Everything in the data gets repeated exactly, except for the pictures.

Data:
════════════════
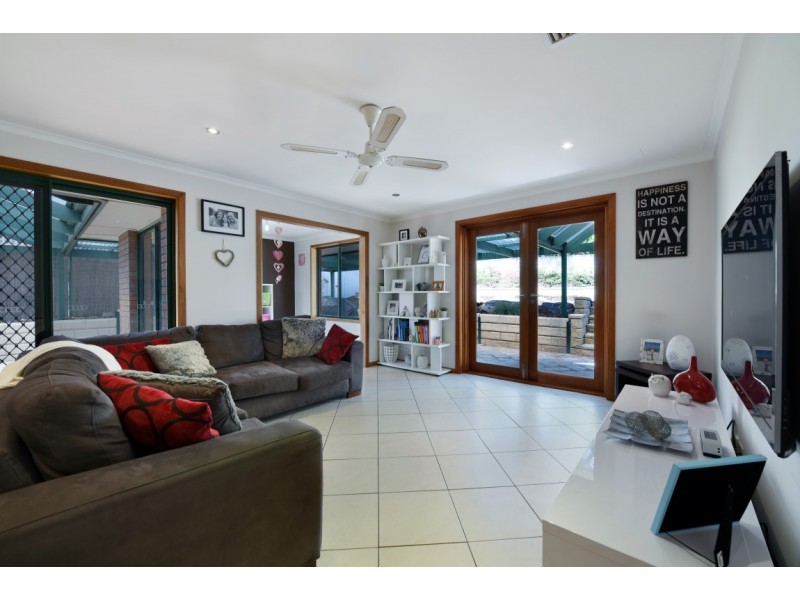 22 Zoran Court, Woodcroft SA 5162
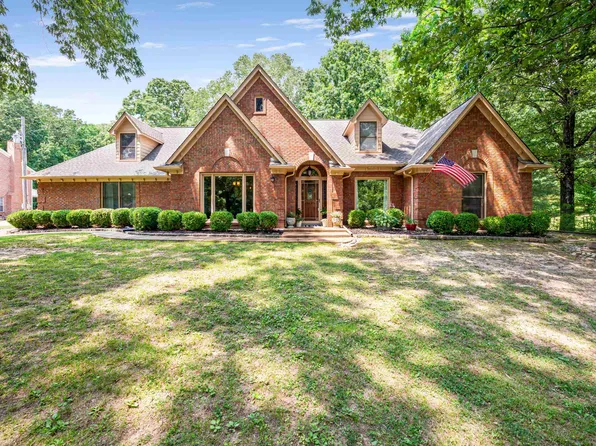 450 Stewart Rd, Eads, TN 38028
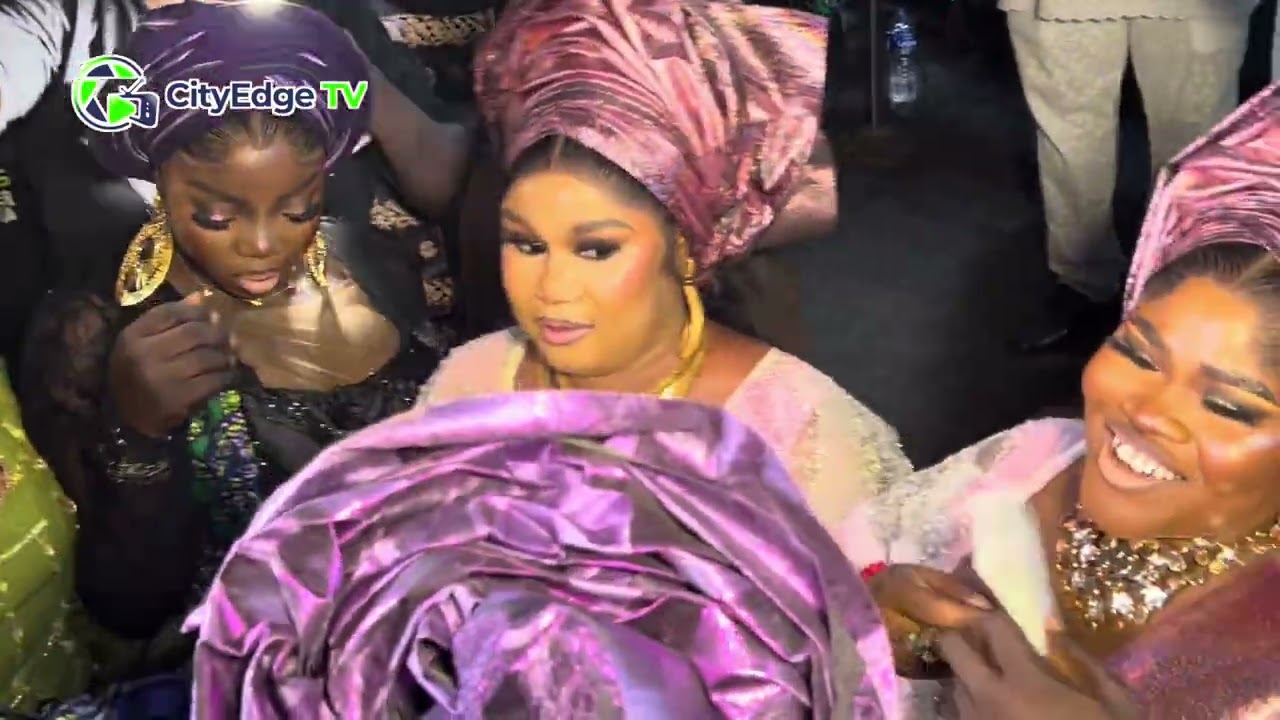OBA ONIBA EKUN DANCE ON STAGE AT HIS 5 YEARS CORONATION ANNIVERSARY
════════════════
Task result:
 22 Zoran Court, Woodcroft SA 5162
 450 Stewart Rd, Eads, TN 38028
OBA ONIBA EKUN DANCE ON STAGE AT HIS 5 YEARS CORONATION ANNIVERSARY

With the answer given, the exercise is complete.